The primary aim of the DSM is descriptive: to provide clear criteria of
diagnostic categories, so that clinicians and researchers can agree on the
disorders they are talking about, study them, and treat them. (For a list
of its major categories, see Table 15.1.) The DSM makes few assumptions
about the causes of the disorders it describes; in many cases, the causes
are not known. Each disorder is identified by its behavioural signs. Where
possible, information is also provided about typical age of onset,
predisposing factors, course of the disorder, prevalence (rare or common),
sex ratio of those affected, and cultural issues that might affect
diagnosis. The DSM also classifies each disorder on five axes, or factors:
-The primary diagnosis of the problem, such as depression.
-Ingrained aspects of the individual's personality that are likely to
affect the patients behavior and ability to be treated, such as narcissism
or dependency.
-General medical conditions that are relevant to the disorder, such as
respiratory or digestive problems.
-"Psychosocial and environmental problems" that can make the disorder
worse, such as, job and housing troubles or loss of a support group.

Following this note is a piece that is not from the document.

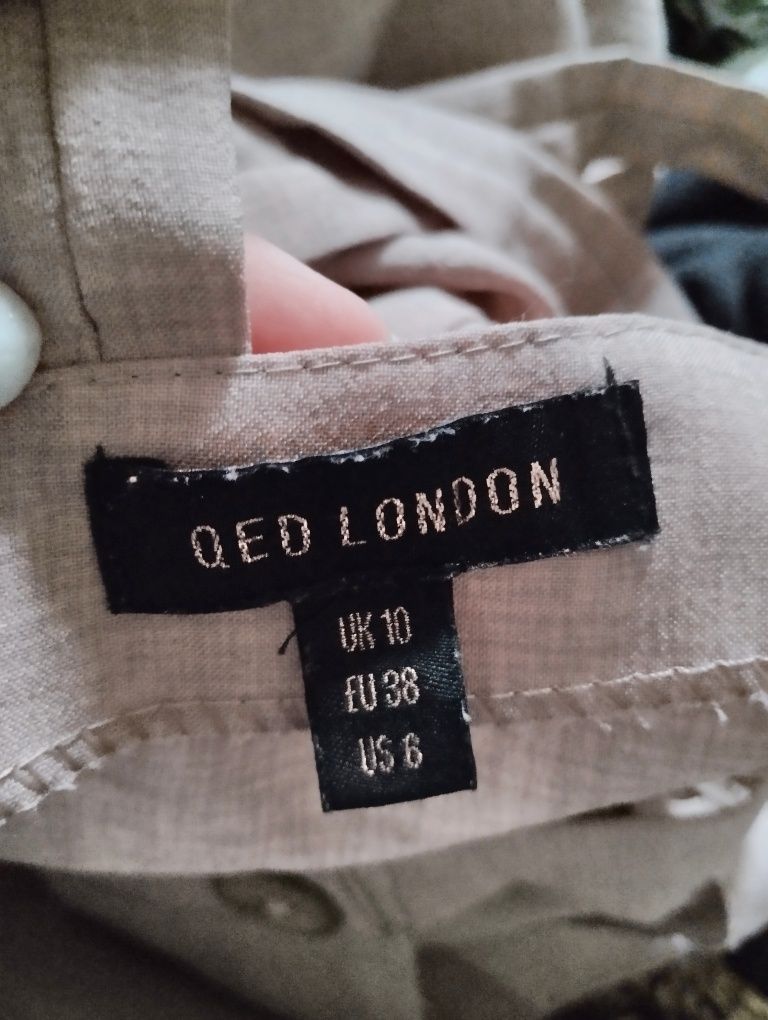 Świetny beżowy kombinezon na ramiączkach Qed London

-A global assessment of the patient's overall level of functioning in work,
relationships, and leisure time. This factor indicates whether the problem
is of recent origin or of long duration, and how incapacitating it is.
The DSM has had an extraordinary impact worldwide. It has standardized
categories of what is, and what is not, a mental disorder. Its categories
and terminology have become the common language of most clinicians and
virtually all textbooks in psychiatry and psychology base their discussions
of mental disorders on the DSM. Insurance companies require clinicians to
assign their patients the appropriate DSM code number of the diagnosed
disorder, which puts pressure on compilers of the manual to add more and
refinements so that physicians and psychologists will be compensated..."
Wade and Tavris go on to list some criticisms concerning the general
problems of diagnosis and of the DSM in particular.